When comparing the performance of qSOFA and SIRS, qSOFA had a relatively high AUC compared with that of SIRS; however, it should be stressed that the real characteristics of interest for clinical use are the sensitivity and specificity of given cut-off points (e.g., qSOFA score ≥ 2; SIRS≥2). Nevertheless, the AUC can represent the overall discriminatory ability. Regardless of whether comparisons were direct or indirect, they all consistently indicated that a qSOFA score ≥ 2 was more specific but less sensitive in predicting mortality than a SIRS score ≥ 2. Additionally, qSOFA had a superior positive likelihood ratio compared with that of SIRS, but SIRS had a relatively good negative likelihood ratio. Therefore, qSOFA criteria are no better or worse than SIRS criteria in identifying patients with a high risk of death in an ED setting. These risk stratification tools have different strengths and weaknesses. SIRS is a targeted, sensitive screening tool that is well suited for early care and prevention of missed cases. However, the focus of qSOFA is the specific identification of patients at an even higher risk of death, which could aid clinicians in deciding on subsequent care and treatment.

The choice of tool depends on the clinician’s attitude towards resource use and health care, as well as infection-related mortality. In some ED settings, where infection mortality is relatively low and resources are limited, the lower sensitivity of the qSOFA is not a major drawback. Its high specificity and ease of use may help clinicians focus on patients who require more clinical attention. In ED settings that have a relatively high mortality rate of infections and are resource-rich, the most sensitive test (SIRS) may be preferred.

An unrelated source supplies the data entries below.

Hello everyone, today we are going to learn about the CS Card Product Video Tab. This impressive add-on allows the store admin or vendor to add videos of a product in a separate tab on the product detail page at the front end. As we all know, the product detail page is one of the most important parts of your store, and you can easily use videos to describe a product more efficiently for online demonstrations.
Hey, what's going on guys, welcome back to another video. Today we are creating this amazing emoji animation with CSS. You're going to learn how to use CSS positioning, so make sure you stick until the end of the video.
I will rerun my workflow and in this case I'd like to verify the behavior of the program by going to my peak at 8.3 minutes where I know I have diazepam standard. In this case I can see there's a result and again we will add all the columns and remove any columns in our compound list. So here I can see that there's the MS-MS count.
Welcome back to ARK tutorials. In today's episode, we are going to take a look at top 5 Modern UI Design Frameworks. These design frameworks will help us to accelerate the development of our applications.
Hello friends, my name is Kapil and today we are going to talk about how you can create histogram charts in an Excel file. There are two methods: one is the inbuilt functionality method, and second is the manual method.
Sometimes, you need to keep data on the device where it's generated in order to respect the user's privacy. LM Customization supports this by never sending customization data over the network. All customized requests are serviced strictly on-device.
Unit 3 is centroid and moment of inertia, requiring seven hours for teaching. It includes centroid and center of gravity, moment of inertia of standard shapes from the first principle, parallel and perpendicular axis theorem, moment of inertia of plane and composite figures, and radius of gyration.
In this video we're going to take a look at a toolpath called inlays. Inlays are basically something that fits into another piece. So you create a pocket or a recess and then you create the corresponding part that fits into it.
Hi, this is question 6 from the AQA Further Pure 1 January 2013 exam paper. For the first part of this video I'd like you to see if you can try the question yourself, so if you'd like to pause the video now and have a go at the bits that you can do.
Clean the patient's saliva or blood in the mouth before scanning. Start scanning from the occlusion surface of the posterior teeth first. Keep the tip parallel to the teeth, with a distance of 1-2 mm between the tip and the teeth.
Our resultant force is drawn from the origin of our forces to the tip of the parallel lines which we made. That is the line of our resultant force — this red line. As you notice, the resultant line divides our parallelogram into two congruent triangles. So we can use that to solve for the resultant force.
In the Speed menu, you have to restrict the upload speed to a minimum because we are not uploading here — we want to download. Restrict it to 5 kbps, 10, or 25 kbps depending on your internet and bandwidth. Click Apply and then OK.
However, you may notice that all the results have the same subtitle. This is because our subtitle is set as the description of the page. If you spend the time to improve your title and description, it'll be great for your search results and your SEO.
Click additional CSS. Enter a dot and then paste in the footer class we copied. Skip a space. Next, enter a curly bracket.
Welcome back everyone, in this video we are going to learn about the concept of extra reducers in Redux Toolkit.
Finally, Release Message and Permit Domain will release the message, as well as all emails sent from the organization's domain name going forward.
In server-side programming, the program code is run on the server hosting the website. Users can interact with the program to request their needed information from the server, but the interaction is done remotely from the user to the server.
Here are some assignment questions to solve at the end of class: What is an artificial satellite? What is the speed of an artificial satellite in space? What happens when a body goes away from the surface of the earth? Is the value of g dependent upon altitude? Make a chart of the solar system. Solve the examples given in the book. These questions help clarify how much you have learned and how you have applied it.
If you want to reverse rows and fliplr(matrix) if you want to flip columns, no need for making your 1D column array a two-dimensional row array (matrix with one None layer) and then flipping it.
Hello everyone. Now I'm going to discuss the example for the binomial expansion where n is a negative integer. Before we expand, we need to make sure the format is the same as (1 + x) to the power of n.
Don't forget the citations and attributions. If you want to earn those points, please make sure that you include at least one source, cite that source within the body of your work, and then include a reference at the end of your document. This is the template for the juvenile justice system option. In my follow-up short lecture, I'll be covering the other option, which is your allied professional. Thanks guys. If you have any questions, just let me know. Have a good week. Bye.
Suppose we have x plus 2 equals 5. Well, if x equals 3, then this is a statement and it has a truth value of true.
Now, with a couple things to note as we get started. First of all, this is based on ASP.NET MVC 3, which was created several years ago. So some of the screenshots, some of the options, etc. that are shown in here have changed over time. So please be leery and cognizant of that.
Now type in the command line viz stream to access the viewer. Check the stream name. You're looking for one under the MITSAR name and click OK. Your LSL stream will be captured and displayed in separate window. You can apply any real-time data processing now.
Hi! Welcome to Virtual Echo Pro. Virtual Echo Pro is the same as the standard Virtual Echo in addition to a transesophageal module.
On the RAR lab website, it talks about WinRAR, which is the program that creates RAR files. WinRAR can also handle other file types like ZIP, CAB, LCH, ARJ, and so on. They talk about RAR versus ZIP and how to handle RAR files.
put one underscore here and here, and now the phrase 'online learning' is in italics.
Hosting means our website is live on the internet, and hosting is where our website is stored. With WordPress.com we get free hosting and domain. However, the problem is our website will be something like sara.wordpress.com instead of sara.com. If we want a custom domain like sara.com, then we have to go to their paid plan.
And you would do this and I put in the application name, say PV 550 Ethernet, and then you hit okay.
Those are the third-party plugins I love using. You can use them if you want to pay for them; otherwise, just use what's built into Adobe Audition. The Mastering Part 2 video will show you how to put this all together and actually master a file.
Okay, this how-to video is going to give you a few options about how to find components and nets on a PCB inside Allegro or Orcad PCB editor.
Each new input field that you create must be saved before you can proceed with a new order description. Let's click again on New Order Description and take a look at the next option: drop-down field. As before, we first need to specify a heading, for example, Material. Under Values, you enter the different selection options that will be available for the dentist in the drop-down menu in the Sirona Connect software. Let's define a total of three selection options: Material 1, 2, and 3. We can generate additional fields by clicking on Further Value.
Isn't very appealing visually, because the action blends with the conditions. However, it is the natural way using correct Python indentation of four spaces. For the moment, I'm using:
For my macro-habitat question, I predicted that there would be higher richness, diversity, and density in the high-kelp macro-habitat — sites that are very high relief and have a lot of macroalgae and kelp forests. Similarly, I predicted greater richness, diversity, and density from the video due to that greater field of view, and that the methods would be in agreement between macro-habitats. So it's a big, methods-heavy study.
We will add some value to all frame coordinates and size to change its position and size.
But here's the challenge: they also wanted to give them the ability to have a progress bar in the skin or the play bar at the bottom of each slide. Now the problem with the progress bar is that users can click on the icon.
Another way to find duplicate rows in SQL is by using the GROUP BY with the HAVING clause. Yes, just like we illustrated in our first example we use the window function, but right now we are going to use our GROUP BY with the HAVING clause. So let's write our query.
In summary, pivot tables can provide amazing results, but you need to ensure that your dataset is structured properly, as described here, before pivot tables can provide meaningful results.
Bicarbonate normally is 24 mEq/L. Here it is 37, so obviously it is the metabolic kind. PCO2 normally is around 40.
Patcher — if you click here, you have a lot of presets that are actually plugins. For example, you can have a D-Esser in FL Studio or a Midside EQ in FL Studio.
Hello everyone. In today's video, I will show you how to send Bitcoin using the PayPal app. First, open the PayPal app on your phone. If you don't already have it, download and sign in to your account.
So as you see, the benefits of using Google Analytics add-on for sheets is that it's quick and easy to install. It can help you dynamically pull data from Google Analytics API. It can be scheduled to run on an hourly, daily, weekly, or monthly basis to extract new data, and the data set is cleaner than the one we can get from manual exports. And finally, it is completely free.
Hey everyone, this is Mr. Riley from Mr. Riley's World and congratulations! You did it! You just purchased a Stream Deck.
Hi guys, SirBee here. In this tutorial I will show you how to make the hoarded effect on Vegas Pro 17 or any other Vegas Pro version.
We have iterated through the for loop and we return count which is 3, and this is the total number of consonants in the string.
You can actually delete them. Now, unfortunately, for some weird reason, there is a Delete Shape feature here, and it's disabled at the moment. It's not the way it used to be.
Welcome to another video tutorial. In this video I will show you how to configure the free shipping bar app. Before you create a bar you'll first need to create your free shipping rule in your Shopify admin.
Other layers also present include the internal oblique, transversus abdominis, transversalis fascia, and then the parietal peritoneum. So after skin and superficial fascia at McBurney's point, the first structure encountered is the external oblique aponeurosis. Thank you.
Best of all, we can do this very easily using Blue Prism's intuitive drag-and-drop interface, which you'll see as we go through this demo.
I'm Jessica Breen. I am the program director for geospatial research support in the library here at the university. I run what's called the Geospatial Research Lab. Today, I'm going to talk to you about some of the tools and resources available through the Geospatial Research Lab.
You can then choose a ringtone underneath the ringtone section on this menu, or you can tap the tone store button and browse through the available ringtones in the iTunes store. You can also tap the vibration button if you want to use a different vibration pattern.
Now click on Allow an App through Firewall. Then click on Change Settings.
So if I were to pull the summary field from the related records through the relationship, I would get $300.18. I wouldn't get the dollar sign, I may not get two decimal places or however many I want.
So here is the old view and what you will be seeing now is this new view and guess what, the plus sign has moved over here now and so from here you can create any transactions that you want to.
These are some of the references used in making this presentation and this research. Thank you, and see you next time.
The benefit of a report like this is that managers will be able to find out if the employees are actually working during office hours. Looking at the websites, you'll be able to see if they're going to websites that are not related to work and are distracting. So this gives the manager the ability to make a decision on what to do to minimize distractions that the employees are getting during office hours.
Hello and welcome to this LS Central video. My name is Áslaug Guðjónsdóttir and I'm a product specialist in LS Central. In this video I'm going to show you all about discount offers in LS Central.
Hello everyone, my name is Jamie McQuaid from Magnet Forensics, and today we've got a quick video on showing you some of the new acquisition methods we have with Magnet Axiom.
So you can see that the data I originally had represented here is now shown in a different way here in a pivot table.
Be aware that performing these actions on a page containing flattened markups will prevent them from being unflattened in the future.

The following limitations of our review should be considered. (1) This meta-analysis revealed significant heterogeneity among the included studies. The studies’ included patients had different infection types, and different outcome measures were used, such as in-hospital mortality or 30-day mortality. Studies used various designs, including prospective and retrospective observational studies, and they used different time points to calculate the scores. Despite these variations, comprehensive subanalyses showed conclusions similar to those of the main analysis. Considering studies that used different time points to calculate scores, different outcome measures, or different designs separately did not influence the conclusions. These analyses have significantly improved homogeneity without affecting the main conclusions. However, despite the multiple subanalyses conducted, the meta-analysis was still influenced by the inherent biases of the included studies and did not display any consistent source to explain the obvious heterogeneity. Some researchers have suggested that there is often a large degree of heterogeneity in meta-analyses of diagnostic studies [24]. We included all articles that directly evaluated qSOFA and SIRS using the same cohort patients to minimize heterogeneity when comparing qSOFA and SIRS. (2) A relatively small number of studies were included, which may not have enabled a complete assessment of the prognostic potential of qSOFA and SIRS.

Conclusions

In conclusion, our results suggested that both a qSOFA score ≥ 2 and a SIRS score ≥ 2 were strongly associated with mortality in ED patients with infections. However, it is also clear that qSOFA and SIRS have limitations as risk stratification tools for ED patients with infections. qSOFA appears to be a simple, rapid, and effective way to identify patients at high risk for death. However, it seems necessary to identify ways to improve its low sensitivity. Until then, it cannot completely replace the use of SIRS in the ED.